__WORK TO COMPLETE__:
Exactly as they stand, give the records below again, with no images.
##########
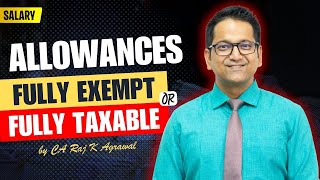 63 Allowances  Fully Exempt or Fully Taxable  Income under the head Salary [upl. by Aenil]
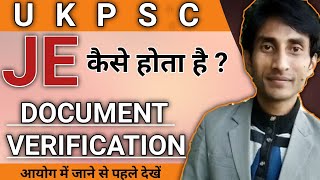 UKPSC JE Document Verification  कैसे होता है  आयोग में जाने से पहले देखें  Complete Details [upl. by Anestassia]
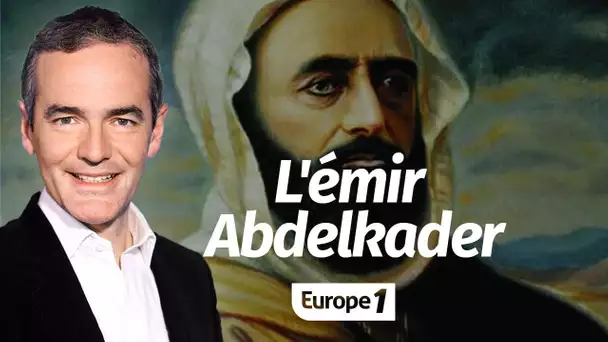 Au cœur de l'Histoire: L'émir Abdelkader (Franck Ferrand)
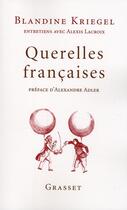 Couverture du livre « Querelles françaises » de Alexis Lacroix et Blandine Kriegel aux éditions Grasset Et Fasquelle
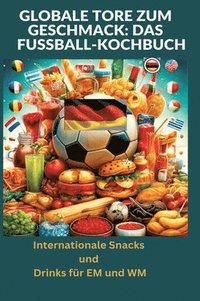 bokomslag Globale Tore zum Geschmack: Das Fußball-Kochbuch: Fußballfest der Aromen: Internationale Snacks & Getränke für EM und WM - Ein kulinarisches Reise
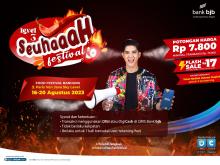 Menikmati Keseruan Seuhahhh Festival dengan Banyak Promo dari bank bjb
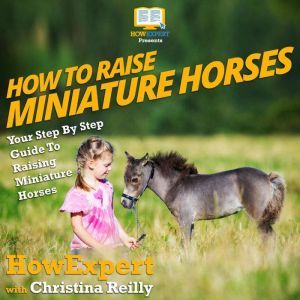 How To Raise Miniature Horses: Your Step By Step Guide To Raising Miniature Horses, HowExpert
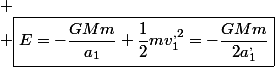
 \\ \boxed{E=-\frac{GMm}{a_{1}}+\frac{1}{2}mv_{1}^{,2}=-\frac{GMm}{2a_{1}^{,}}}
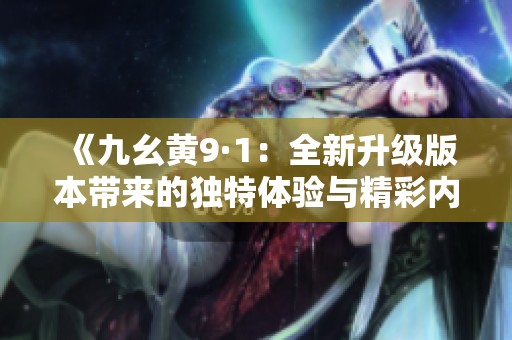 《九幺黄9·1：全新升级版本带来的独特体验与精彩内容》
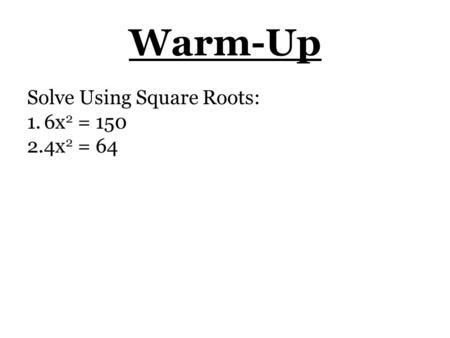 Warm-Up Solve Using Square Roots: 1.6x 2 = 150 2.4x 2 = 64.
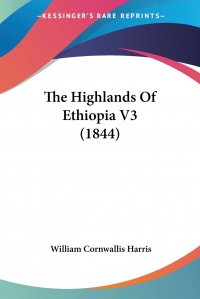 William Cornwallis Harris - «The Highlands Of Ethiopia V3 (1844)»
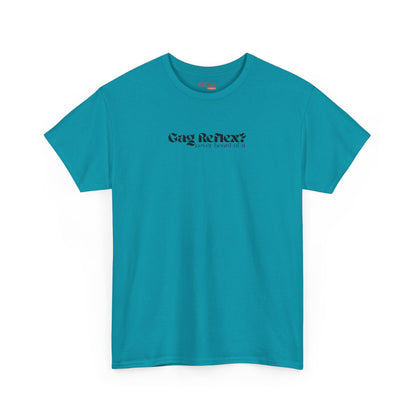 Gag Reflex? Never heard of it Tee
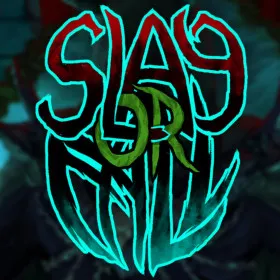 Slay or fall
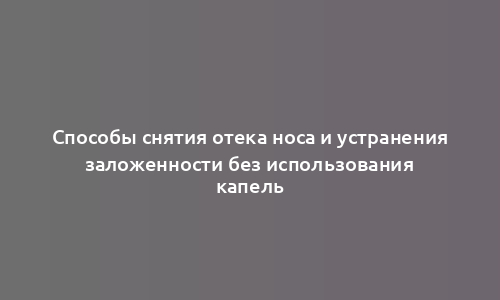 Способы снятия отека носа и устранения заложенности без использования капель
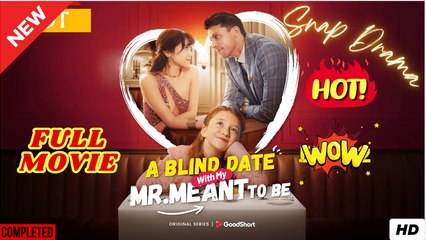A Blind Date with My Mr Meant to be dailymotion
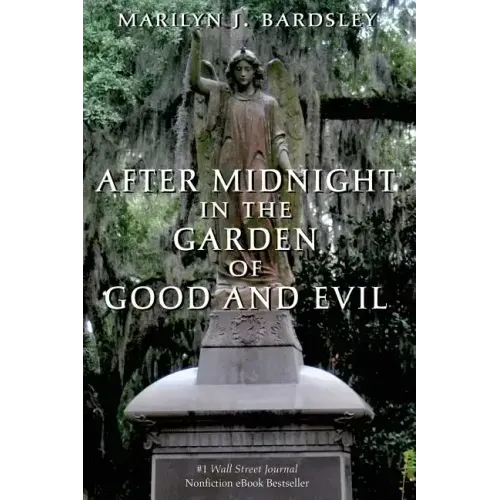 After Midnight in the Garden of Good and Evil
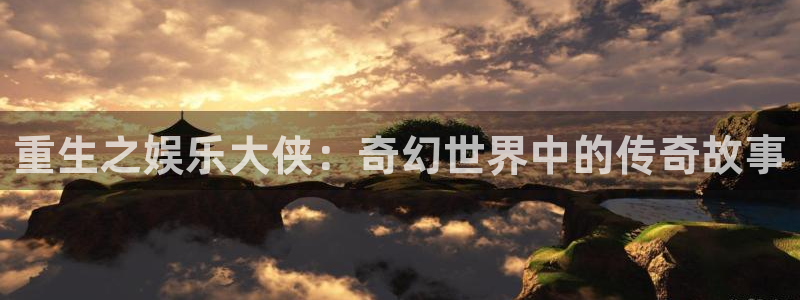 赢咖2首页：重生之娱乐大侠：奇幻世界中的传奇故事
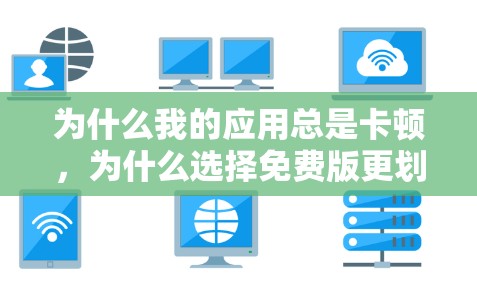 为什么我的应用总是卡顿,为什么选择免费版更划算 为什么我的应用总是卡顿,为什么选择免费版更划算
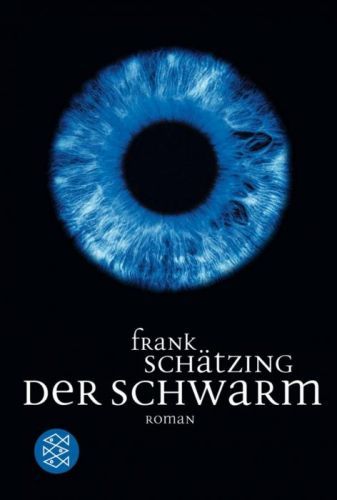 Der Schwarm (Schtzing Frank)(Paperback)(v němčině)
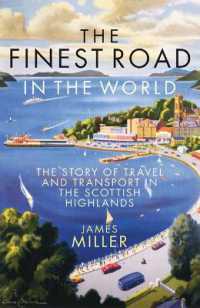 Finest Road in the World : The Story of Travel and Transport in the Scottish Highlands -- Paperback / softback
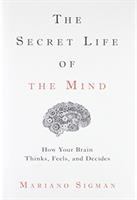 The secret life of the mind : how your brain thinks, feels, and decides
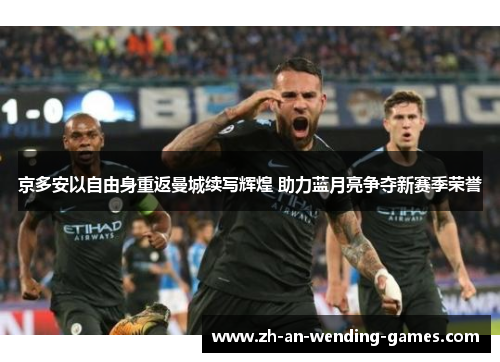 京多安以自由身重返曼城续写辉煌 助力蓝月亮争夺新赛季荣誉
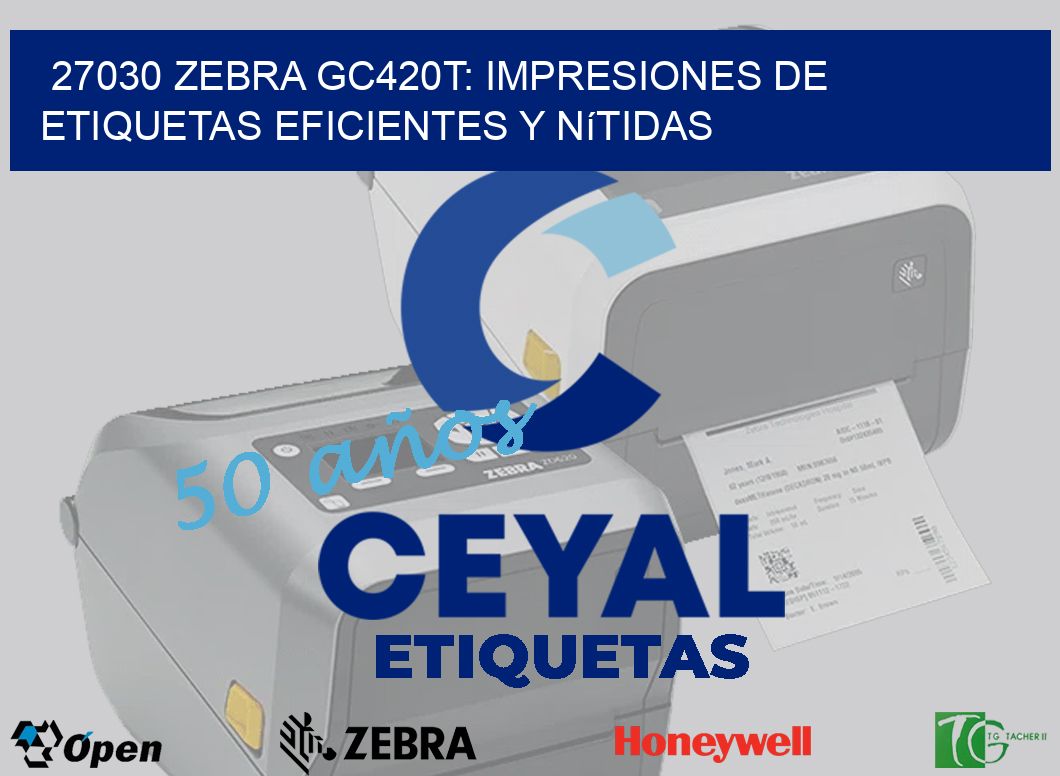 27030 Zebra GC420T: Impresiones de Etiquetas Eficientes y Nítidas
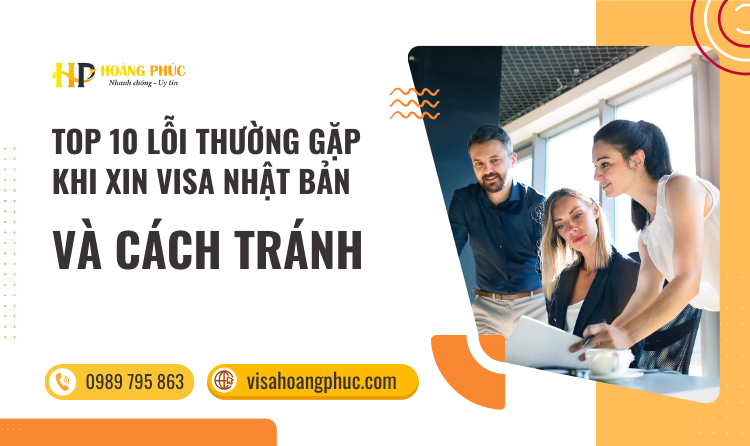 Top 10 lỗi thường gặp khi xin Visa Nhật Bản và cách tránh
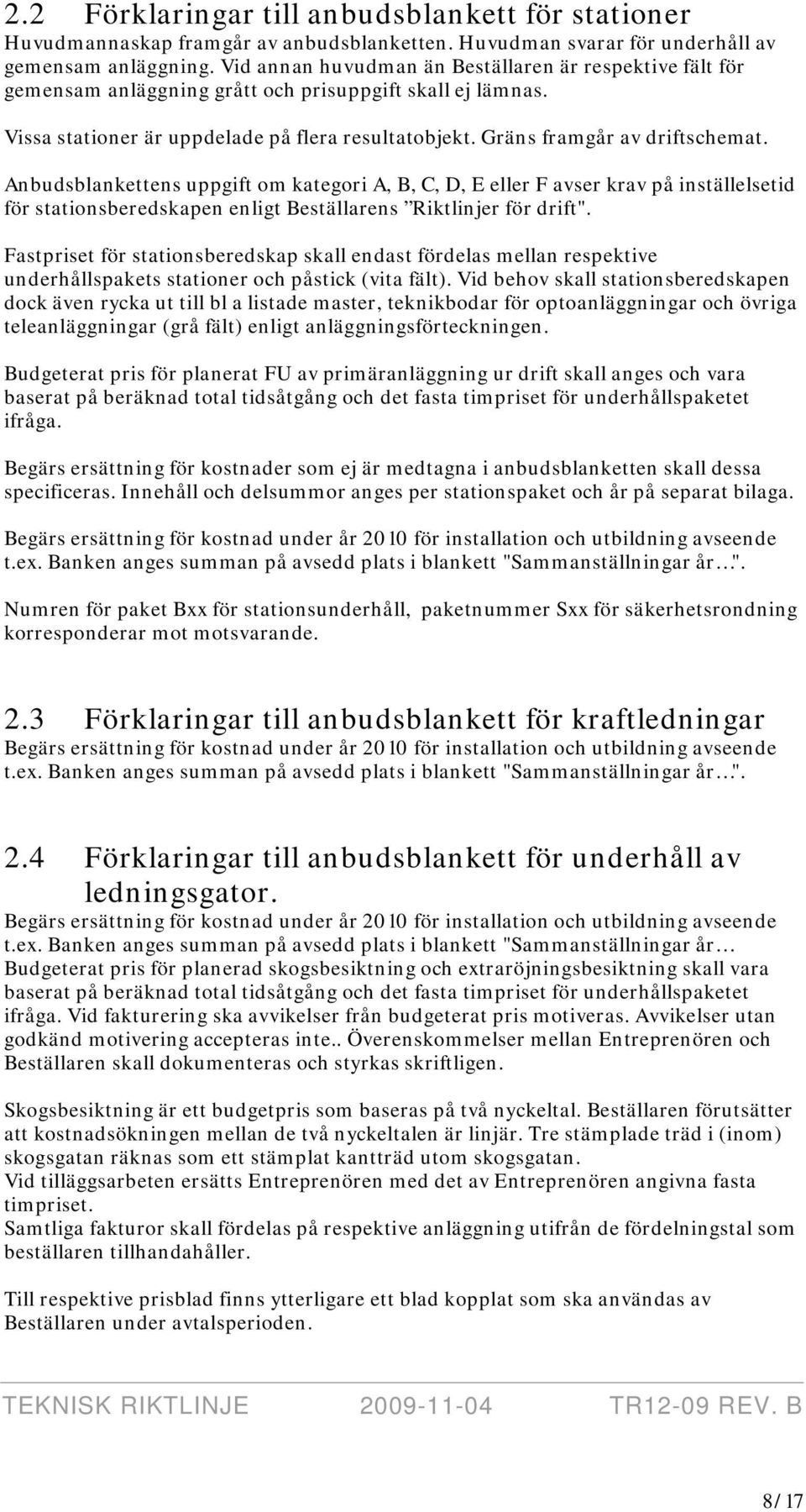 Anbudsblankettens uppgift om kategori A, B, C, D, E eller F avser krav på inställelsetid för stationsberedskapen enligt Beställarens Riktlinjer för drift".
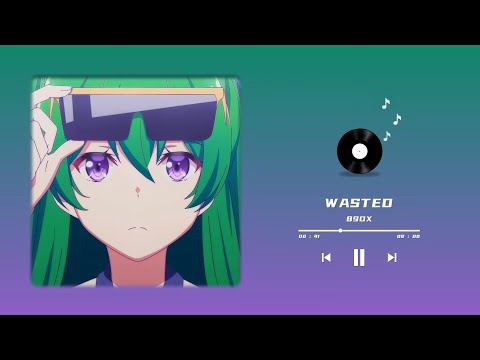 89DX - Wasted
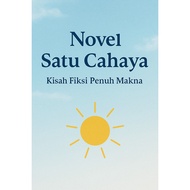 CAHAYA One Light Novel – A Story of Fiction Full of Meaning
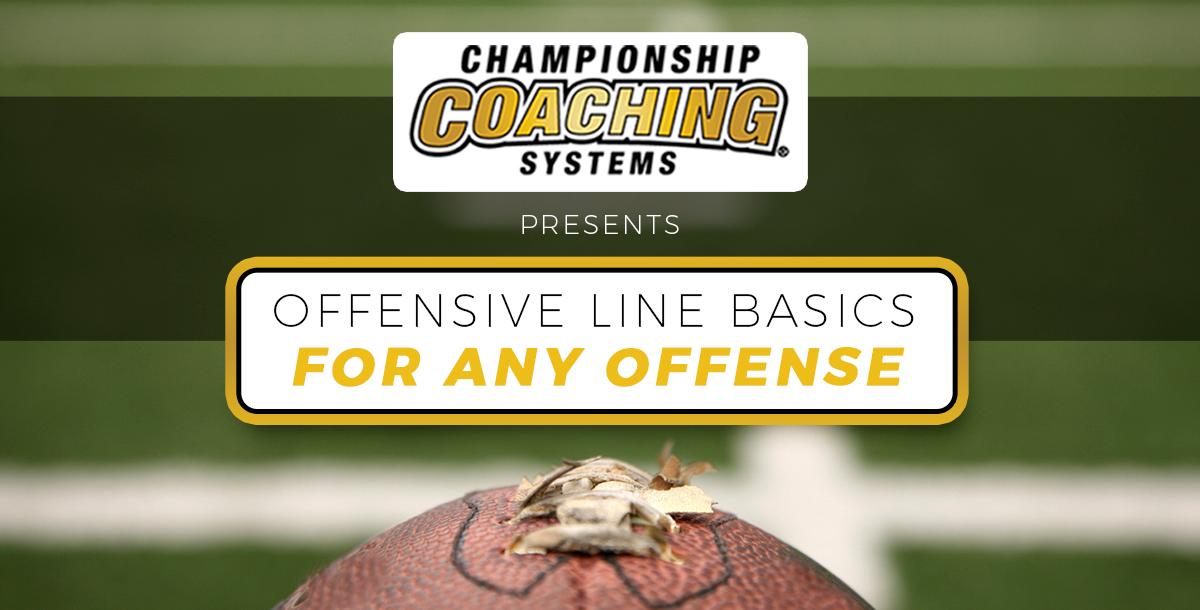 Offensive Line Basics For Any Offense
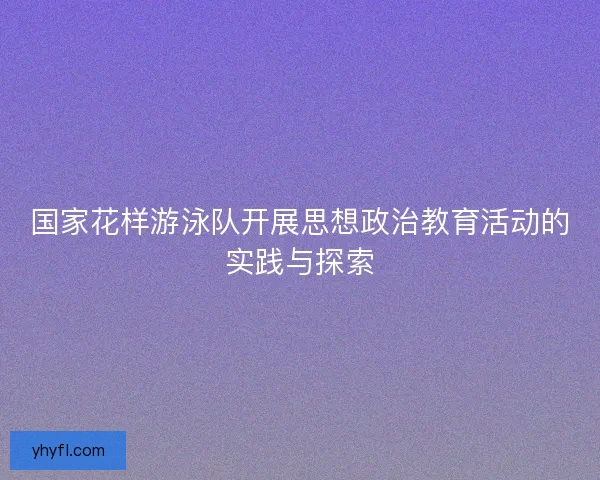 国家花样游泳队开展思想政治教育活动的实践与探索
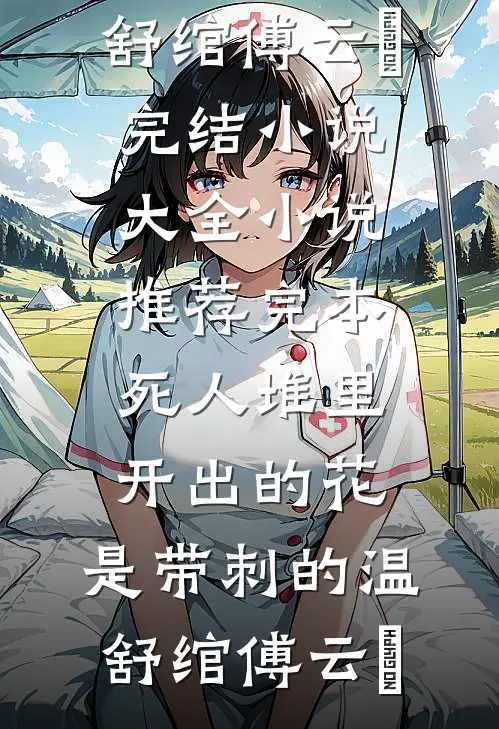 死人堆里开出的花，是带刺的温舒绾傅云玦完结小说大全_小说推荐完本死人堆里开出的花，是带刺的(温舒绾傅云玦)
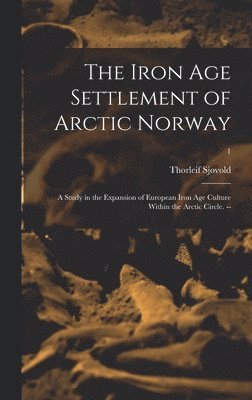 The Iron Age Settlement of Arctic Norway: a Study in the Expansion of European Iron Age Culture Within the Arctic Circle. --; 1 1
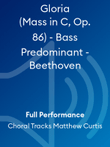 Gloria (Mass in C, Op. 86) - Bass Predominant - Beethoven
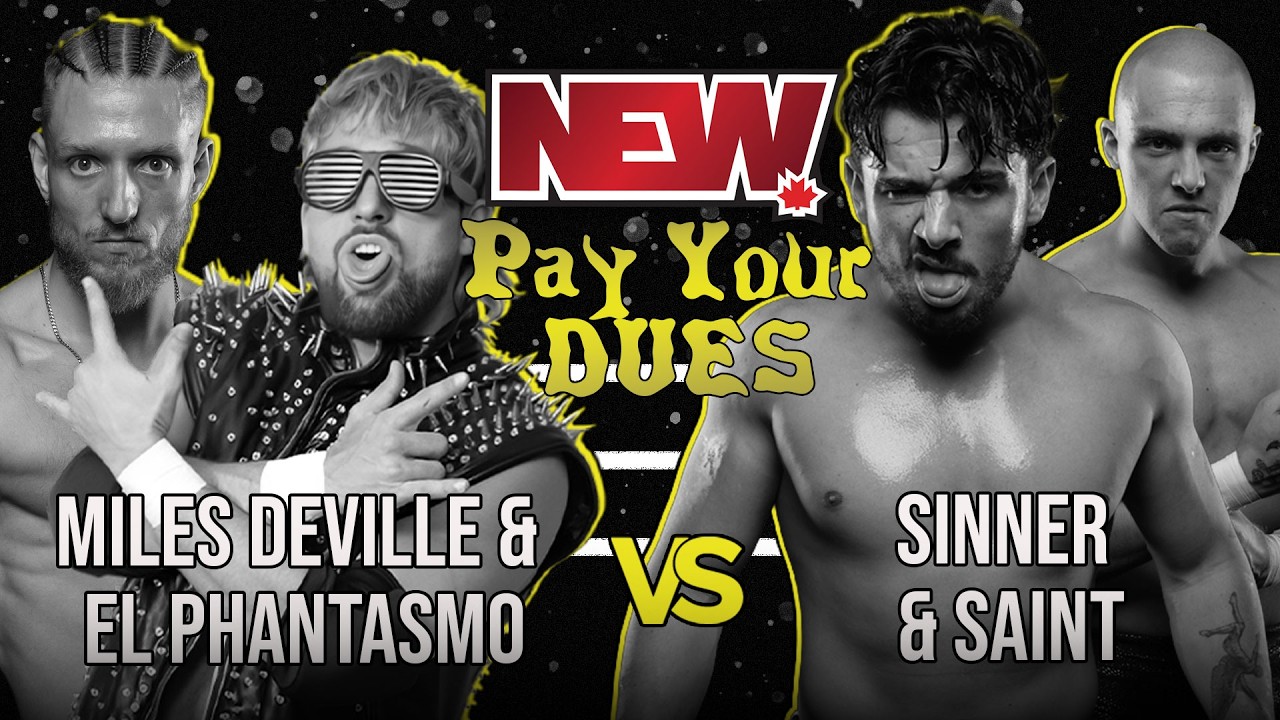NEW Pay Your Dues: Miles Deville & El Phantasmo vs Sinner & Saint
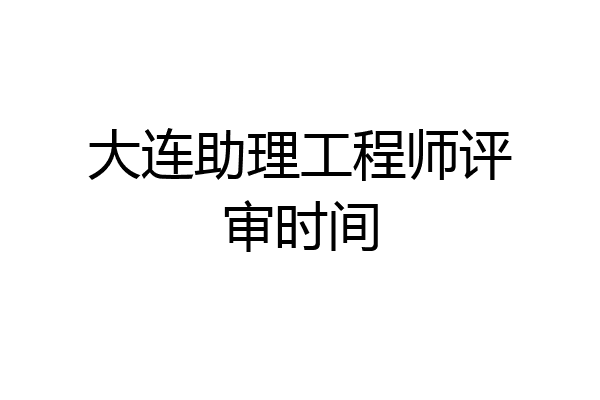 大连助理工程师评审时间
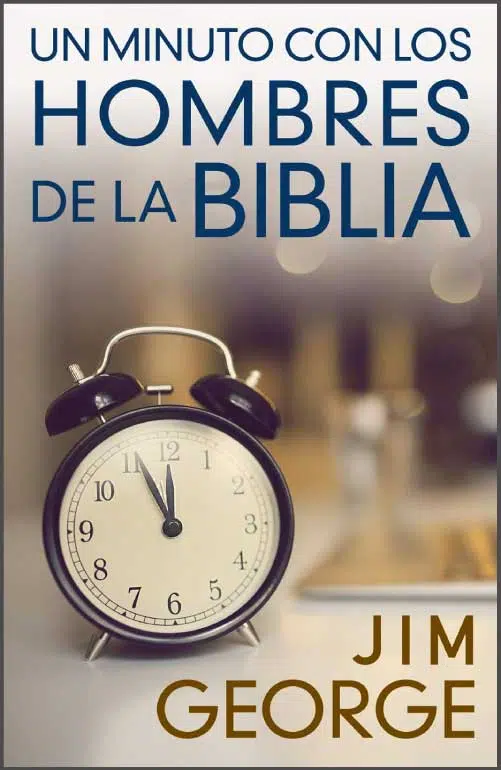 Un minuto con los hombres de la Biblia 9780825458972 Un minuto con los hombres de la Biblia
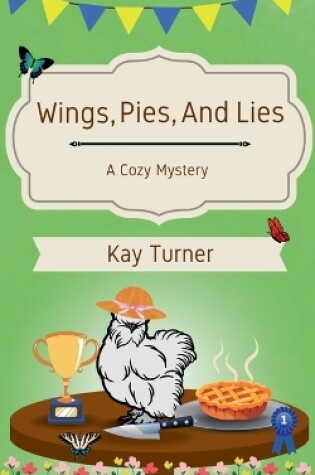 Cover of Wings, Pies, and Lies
##########
__RESULT FOR THIS EXERCISE__:
 63 Allowances  Fully Exempt or Fully Taxable  Income under the head Salary [upl. by Aenil]
 UKPSC JE Document Verification  कैसे होता है  आयोग में जाने से पहले देखें  Complete Details [upl. by Anestassia]
 Au cœur de l'Histoire: L'émir Abdelkader (Franck Ferrand)
 Couverture du livre « Querelles françaises » de Alexis Lacroix et Blandine Kriegel aux éditions Grasset Et Fasquelle
 bokomslag Globale Tore zum Geschmack: Das Fußball-Kochbuch: Fußballfest der Aromen: Internationale Snacks & Getränke für EM und WM - Ein kulinarisches Reise
 Menikmati Keseruan Seuhahhh Festival dengan Banyak Promo dari bank bjb
 How To Raise Miniature Horses: Your Step By Step Guide To Raising Miniature Horses, HowExpert
 \\ \boxed{E=-\frac{GMm}{a_{1}}+\frac{1}{2}mv_{1}^{,2}=-\frac{GMm}{2a_{1}^{,}}}
 《九幺黄9·1：全新升级版本带来的独特体验与精彩内容》
 Warm-Up Solve Using Square Roots: 1.6x 2 = 150 2.4x 2 = 64.
 William Cornwallis Harris - «The Highlands Of Ethiopia V3 (1844)»
 Gag Reflex? Never heard of it Tee
 Slay or fall
 Способы снятия отека носа и устранения заложенности без использования капель
A Blind Date with My Mr Meant to be dailymotion
 After Midnight in the Garden of Good and Evil
 赢咖2首页：重生之娱乐大侠：奇幻世界中的传奇故事
 为什么我的应用总是卡顿,为什么选择免费版更划算 为什么我的应用总是卡顿,为什么选择免费版更划算
 Der Schwarm (Schtzing Frank)(Paperback)(v němčině)
 Finest Road in the World : The Story of Travel and Transport in the Scottish Highlands -- Paperback / softback
 The secret life of the mind : how your brain thinks, feels, and decides
 京多安以自由身重返曼城续写辉煌 助力蓝月亮争夺新赛季荣誉
 27030 Zebra GC420T: Impresiones de Etiquetas Eficientes y Nítidas
 Top 10 lỗi thường gặp khi xin Visa Nhật Bản và cách tránh
 Anbudsblankettens uppgift om kategori A, B, C, D, E eller F avser krav på inställelsetid för stationsberedskapen enligt Beställarens Riktlinjer för drift".
 89DX - Wasted
 CAHAYA One Light Novel – A Story of Fiction Full of Meaning
 Offensive Line Basics For Any Offense
 国家花样游泳队开展思想政治教育活动的实践与探索
 死人堆里开出的花，是带刺的温舒绾傅云玦完结小说大全_小说推荐完本死人堆里开出的花，是带刺的(温舒绾傅云玦)
 The Iron Age Settlement of Arctic Norway: a Study in the Expansion of European Iron Age Culture Within the Arctic Circle. --; 1 1
 Gloria (Mass in C, Op. 86) - Bass Predominant - Beethoven
NEW Pay Your Dues: Miles Deville & El Phantasmo vs Sinner & Saint
 大连助理工程师评审时间
 Un minuto con los hombres de la Biblia 9780825458972 Un minuto con los hombres de la Biblia
 Cover of Wings, Pies, and Lies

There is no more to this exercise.